***** DATA *****
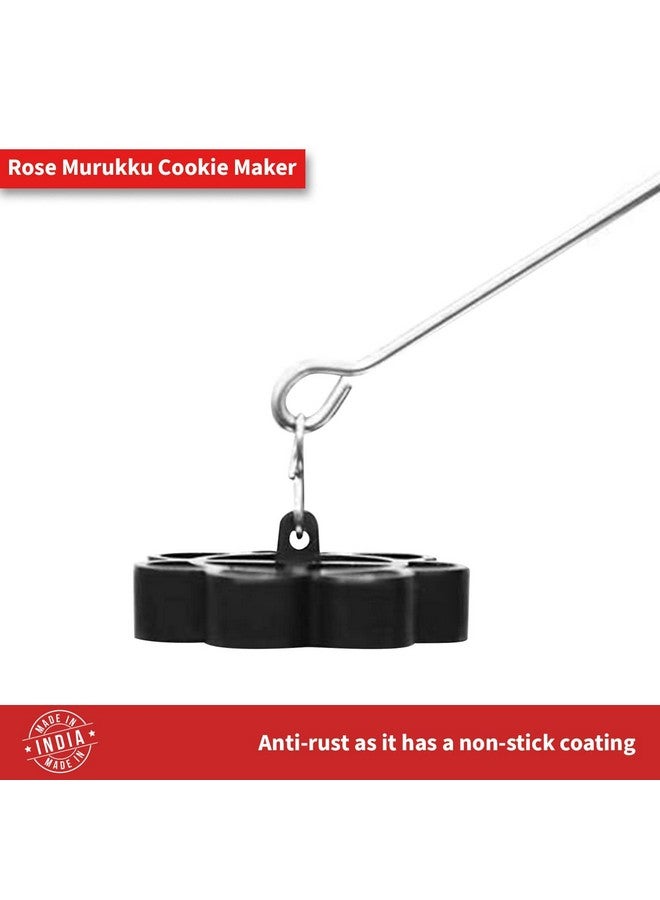 Eagean Stainless Steel Non Stick Rose Murukku Cookie Maker Mould (Black) - Image 2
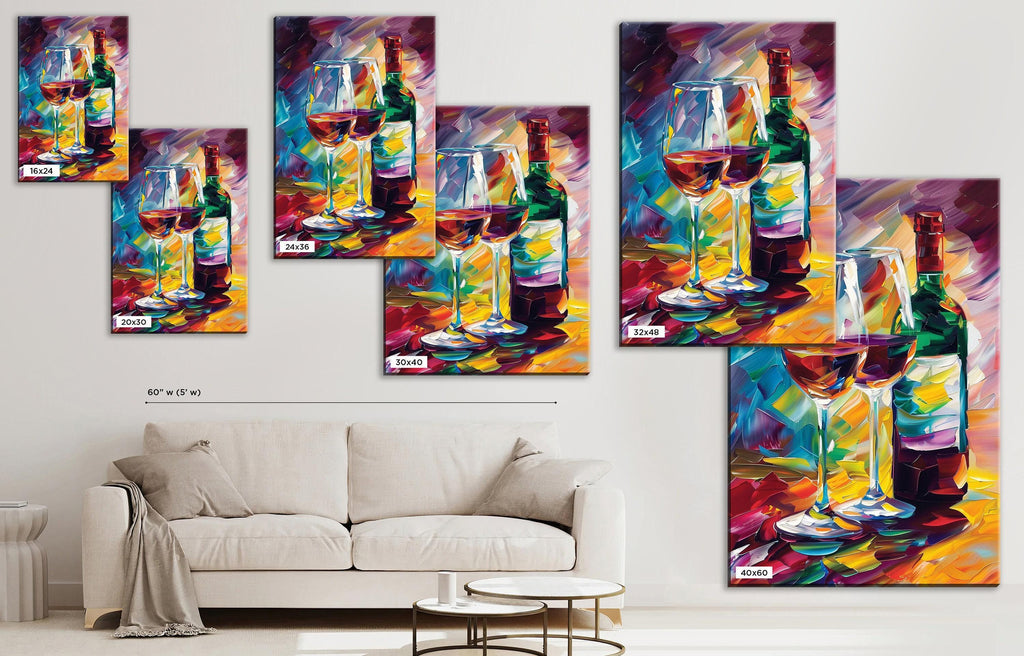 Red Wine Canvas Art – Abstract Wine Wall Art on Gallery Wrapped Canvas, Extra Large Print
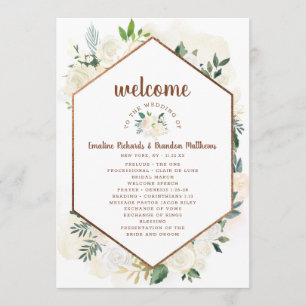 Programme Cérémonie de Mariage campagnard rustique frais Far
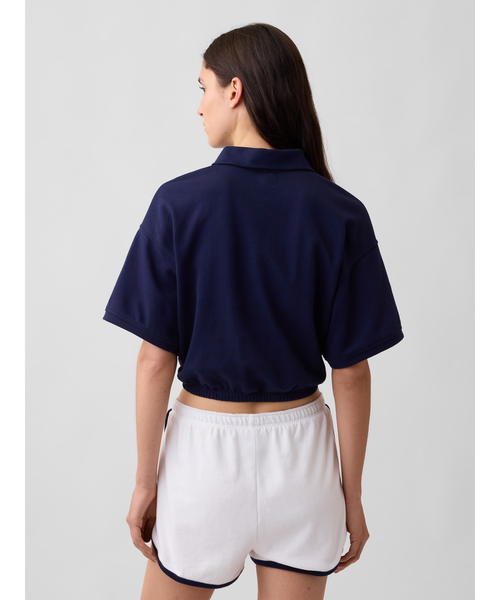 GAP(ギャップ)の「ヴィンテージソフト フレンチテリー オーバーサイズ GAPロゴ クロップド ポロシャツ(ポロシャツ・レディース・ネイビー/グレー・XXS/XL/L/M/S/XS)」の8枚目の写真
*****
> EXERCISE DESCRIPTION: Return the full material word for word. Do not include the pictures.

> EXERCISE RESPONSE:
 Eagean Stainless Steel Non Stick Rose Murukku Cookie Maker Mould (Black) - Image 2
 Red Wine Canvas Art – Abstract Wine Wall Art on Gallery Wrapped Canvas, Extra Large Print
 Programme Cérémonie de Mariage campagnard rustique frais Far
 GAP(ギャップ)の「ヴィンテージソフト フレンチテリー オーバーサイズ GAPロゴ クロップド ポロシャツ(ポロシャツ・レディース・ネイビー/グレー・XXS/XL/L/M/S/XS)」の8枚目の写真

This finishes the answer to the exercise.